Submitted to: Remote Sensing Reviews
Publication Type: Abstract Only
Publication Acceptance Date: 2/8/2005
Publication Date: 2/8/2005
Citation: Sullivan, D.G., Truman, C.C., Rowland, D., Faircloth, W.H., Bosch, D.D. 2005. Measuring the soil-plant-water continuum: tillage and irrigation impacts. In:Proceedings of A State-of-theArt Review of Evapotranspiration (ET). Remote Sensing Science and Technology Workshop, February 8-10, 2005, USDA-ARS Natural Resources Research Center, Colorado State Univ., Ft. Collins, Colorado.

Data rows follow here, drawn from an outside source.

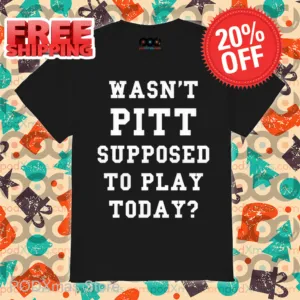 Wasn't Pitt Supposed To Play Today Shirt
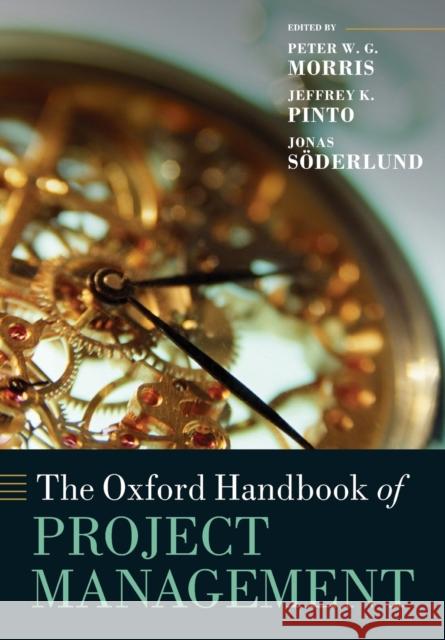 The Oxford Handbook of Project Management Peter W G Morris 9780199655823 Oxford University Press - książka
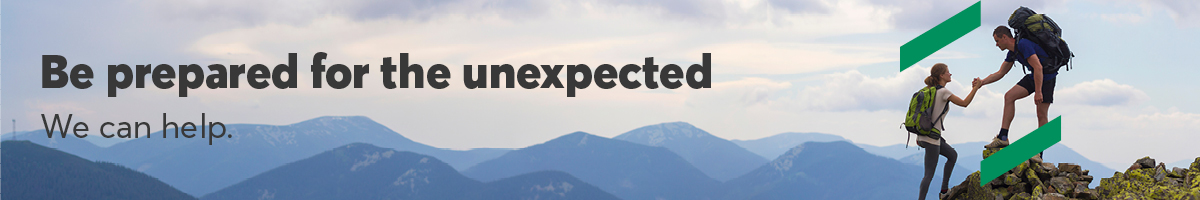 Be prepared for the unexpected. We can help.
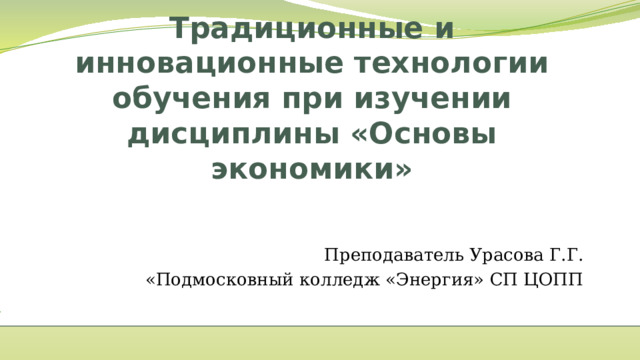 Традиционные и инновационные технологии обучения при изучении дисциплины «Основы экономики»   Преподаватель Урасова Г.Г. «Подмосковный колледж «Энергия» СП ЦОПП  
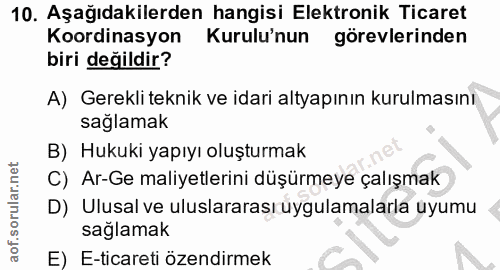 10. soru: Aşağıdakilerden hangisi Elektronik Ticaret Koordinasyon Kurulu'nun görevlerinden biri değildir? A) Gerekli teknik ve…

Interpretive Summary: Crop production in the Coastal Plain is generally water-limiting. Soils have been intensively cropped (cotton, peanuts), tend to be drought-prone, and susceptible to erosion. Rainfall in this region (~ 50 inches per year) is poorly distributed, and producers commonly utilize supplemental irrigation to sustain crops during extended dry periods. A major problem facing producers in the region is maintaining crop yields, maximizing current water resources through efficient water use, while addressing soil and water quality concerns associated with sediment and agrichemical losses to off-site areas. Proper on-farm water management, especially irrigation scheduling, is critical to sustaining Coastal Plain farmers in the future. High fuel prices coupled with high production costs and low commodity prices require improved management of on-farm resources to improve profit margins and net returns to producers of this region. Surface residue management coupled with conservation tillage in the form of strip tillage is a viable management tool for producers in the Coastal Plain region of Georgia. Strip tillage and residue cover improves soil quality, promotes infiltration, increases soil and plant available water, and reduces runoff and erosion. Results presented at this workshop help producers maximize water use efficiency by reducing the amount of irrigation needed for sustaining crop production; thus increasing a producer's profit margin and net returns, while maintaining water supplies and minimizing off-site environmental contamination.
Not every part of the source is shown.